Rethinking Third-Party Risk in the Age of AI

Traditional vendor risk management is a point-in-time snapshot that's outdated in weeks. I built a system using specialized AI agents that assesses security, compliance, and financial stability across our entire vendor portfolio—without expensive commercial tools.

AITHIRD PARTY RISK

Andrew Brosman

2/11/202611 min read

Traditional vendor risk management has a few fatal flaws: namely, your assessment expires the moment you complete it. You spend weeks gathering questionnaires, reviewing certifications, and analyzing SOC 2 reports, only to produce a risk assessment that represents a single point in time. By the time your vendor makes it through procurement, that carefully compiled risk profile might already be obsolete. Meanwhile, your vendor portfolio keeps growing, and the idea of reassessing hundreds of relationships annually becomes a resourcing fantasy. Many compliance frameworks advocate for continuous monitoring as a solution but expensive tools make it prohibitive for many companies to obtain this level of oversight.

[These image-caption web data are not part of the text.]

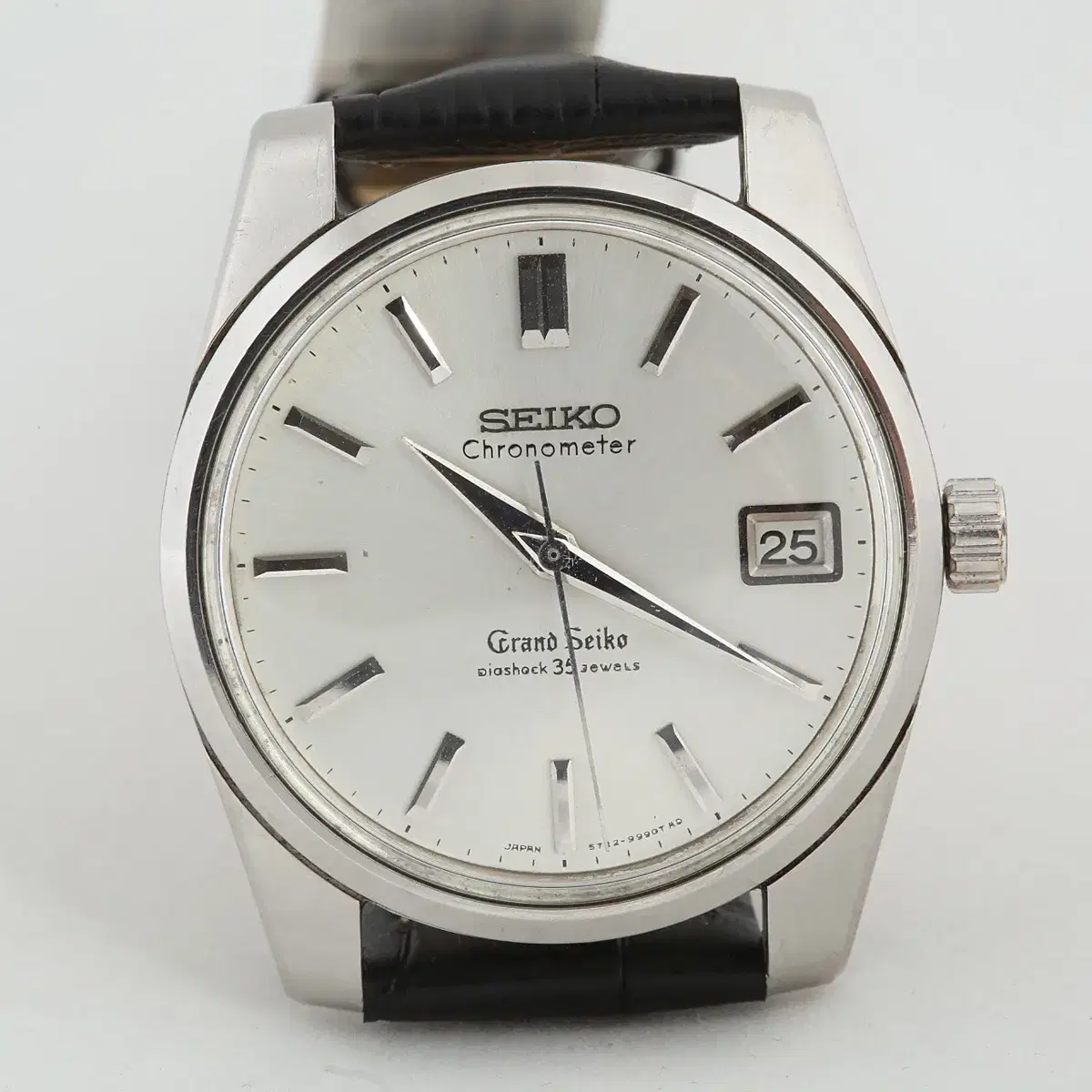 그랜드 세이코 Grand SEIKO 크로노미터 수동 시계 Ref.9990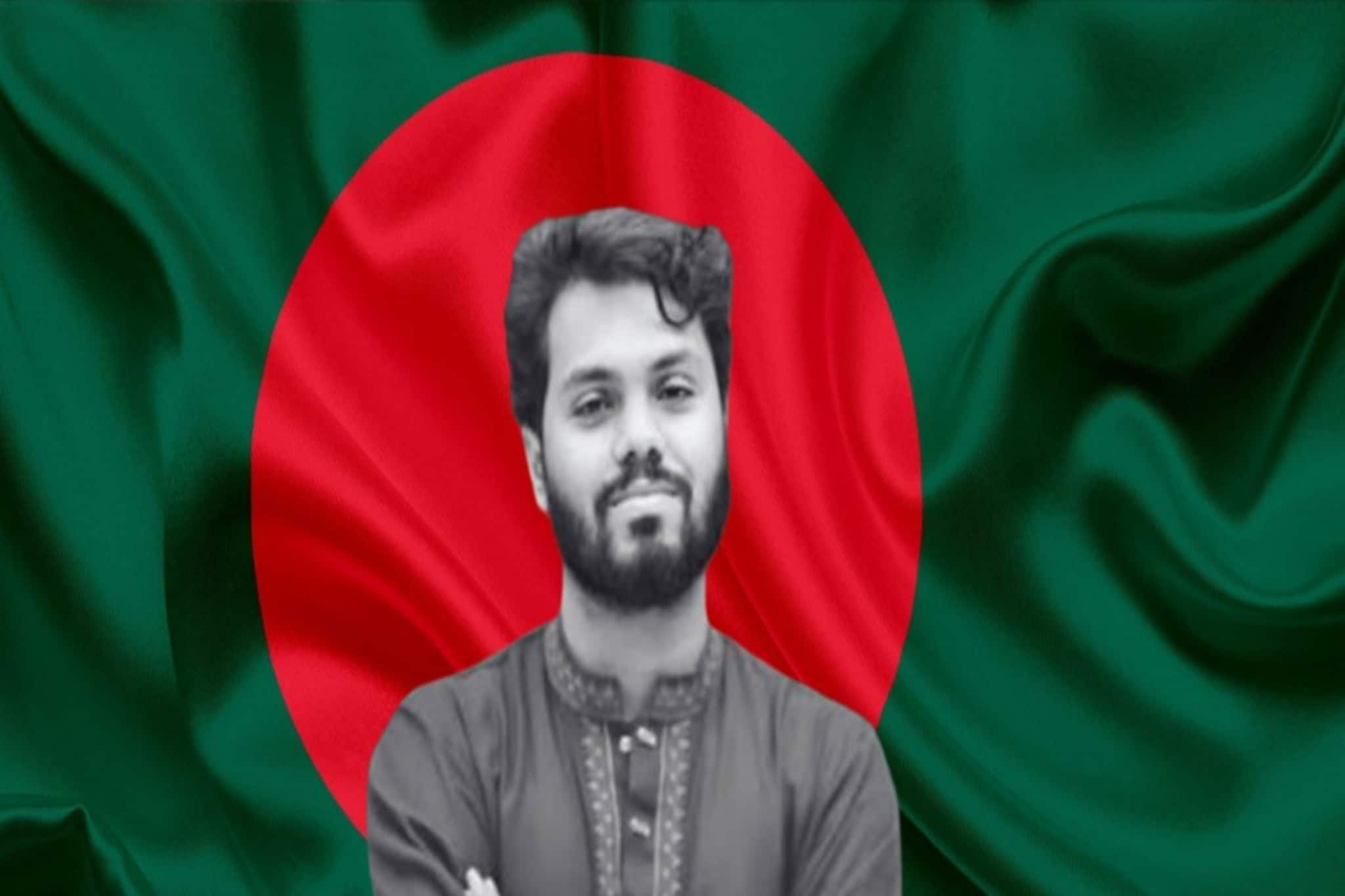 তাঁর মৃত্যুতে জ্বলছে বাংলাদেশ! কে এই ওসমান হাদি? ভারত সম্পর্কে ছিল তীব্র বিদ্বেষ!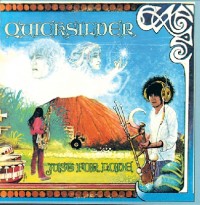 Quicksilver Messenger Service - Just For Love - CD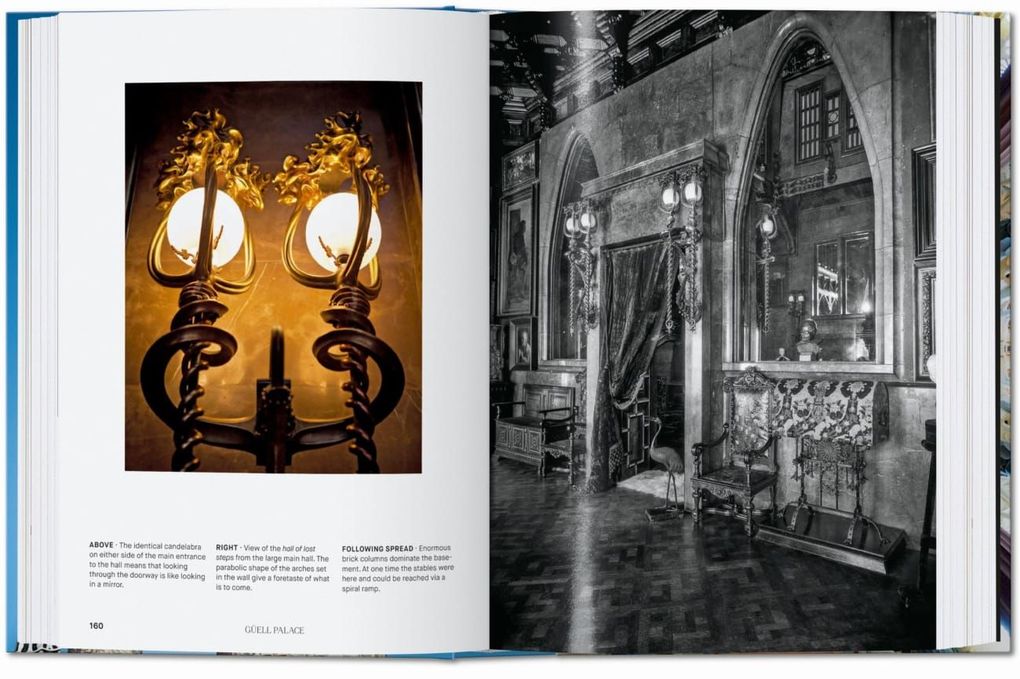 Weitere Ansicht: Gaudí | Rainer Zerbst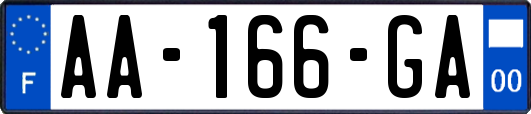 AA-166-GA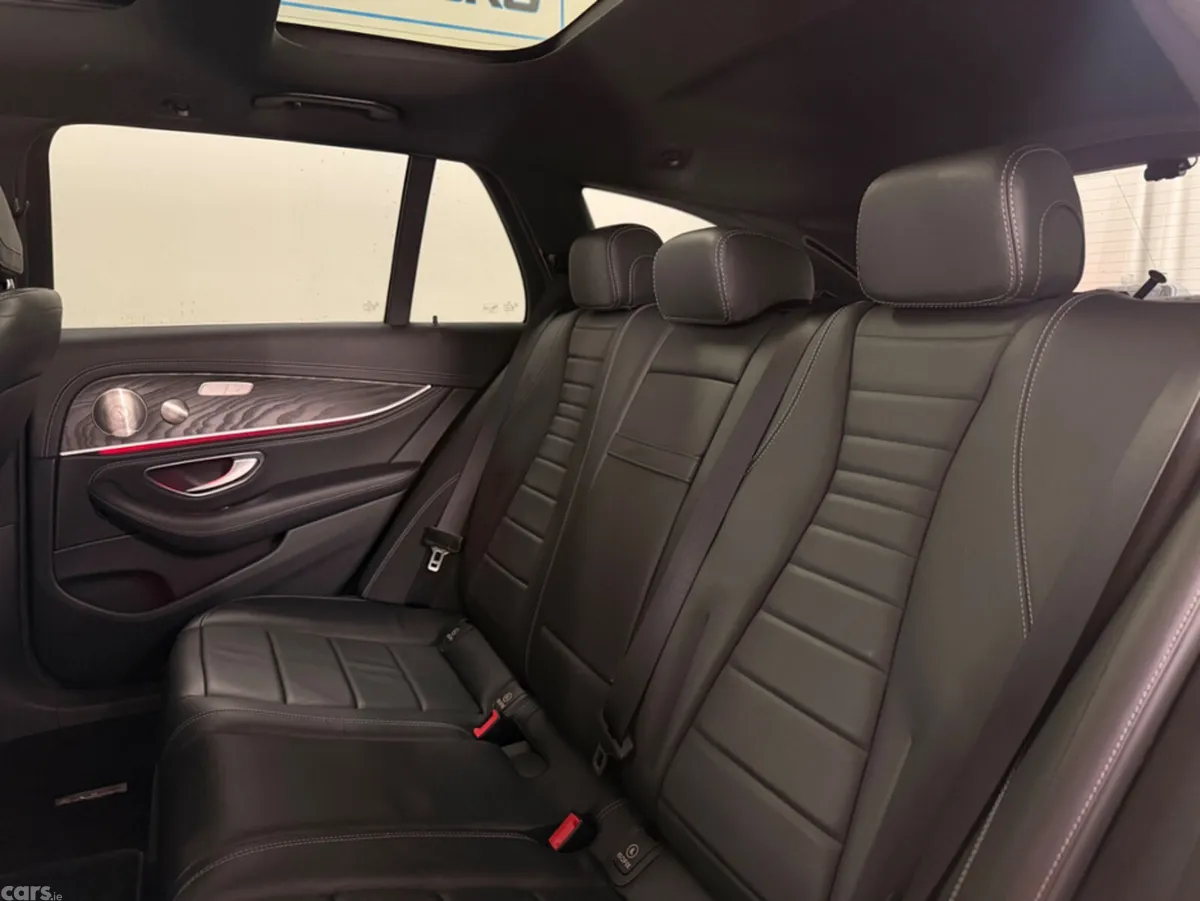 Mercedes-Benz E-Class Estate, Diesel, 2021, White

In the age of AI, the walls are coming down and security governance teams can build a better third-party risk management system to solve these problems. Not as a replacement for human judgment, but as a way to conduct more thorough reviews and make continuous, comprehensive vendor monitoring actually feasible. What started as an experiment in using AI to accelerate manual searches evolved into a swarm of specialized agents that continuously assess and monitor vendor risk across multiple dimensions. Here's how it works and what I learned building it.

The Problem with Traditional Third Party Risk Management

Many organizations ask for a SOC 2 during vendor onboarding and then... hope for the best. While compliance reports and certifications have their place, they provide limited, point in time assurance by their very nature. Some companies manage third party risk through large questionnaires, testing their vendor's knowledge and capabilities to handle security threats. However this approach has its own flaws; namely a trust without verify mentality if (a huge if) the questionnaire is completed at all. Outside of their effectiveness, questionnaires can be blockers to procurement processes, creating an endless back and forth until the form is filled to the customers' satisfaction.

More mature organizations may use specialized third party risk management applications to do all of the above, with a layer of continuous monitoring. Applications like BitSight or SecurityScorecard help manage the vendor lifecycle but also provide alerts for security incidents and relevant vulnerabilities. I'm not knocking these tools, these solve many of the issues with traditional third party risk management, but the underlying logic of these systems is not overly complicated. These capabilities can be built at home with customization that would otherwise be limited by the application interface.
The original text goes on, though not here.